▶ Data:
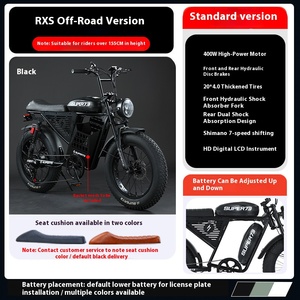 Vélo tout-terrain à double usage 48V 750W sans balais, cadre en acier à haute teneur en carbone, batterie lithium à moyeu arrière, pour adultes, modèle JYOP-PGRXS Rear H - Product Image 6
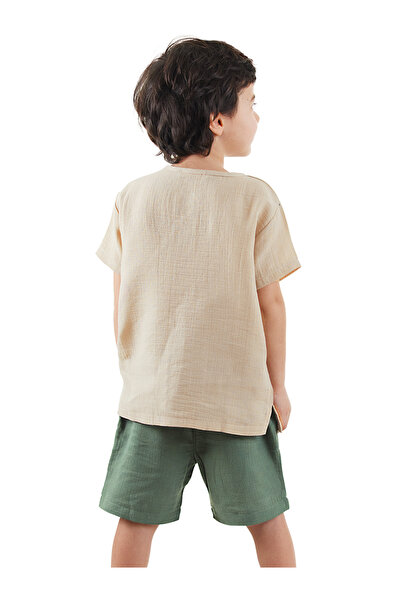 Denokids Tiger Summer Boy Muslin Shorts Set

==

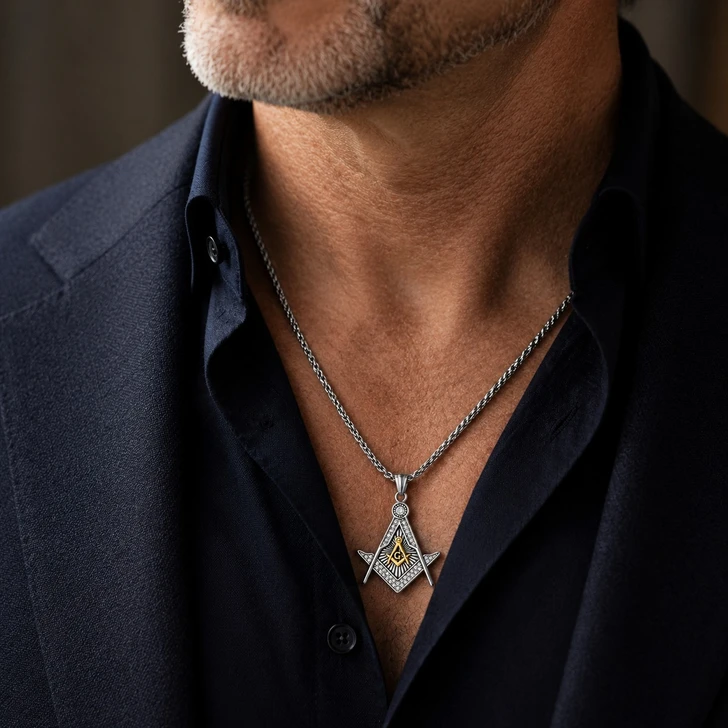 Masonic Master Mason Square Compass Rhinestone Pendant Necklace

* * *

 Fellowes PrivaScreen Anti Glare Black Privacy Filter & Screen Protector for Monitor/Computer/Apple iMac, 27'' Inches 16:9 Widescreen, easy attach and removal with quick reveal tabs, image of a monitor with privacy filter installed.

▶ Try it: Pictures excluded, reproduce only the part above that opens with the line holding "Vélo tout-terrain à" and closes with the line holding "Denokids Tiger Summer Boy Muslin Shorts Set", exactly as written.

▶ Result below:
 Vélo tout-terrain à double usage 48V 750W sans balais, cadre en acier à haute teneur en carbone, batterie lithium à moyeu arrière, pour adultes, modèle JYOP-PGRXS Rear H - Product Image 6
 Denokids Tiger Summer Boy Muslin Shorts Set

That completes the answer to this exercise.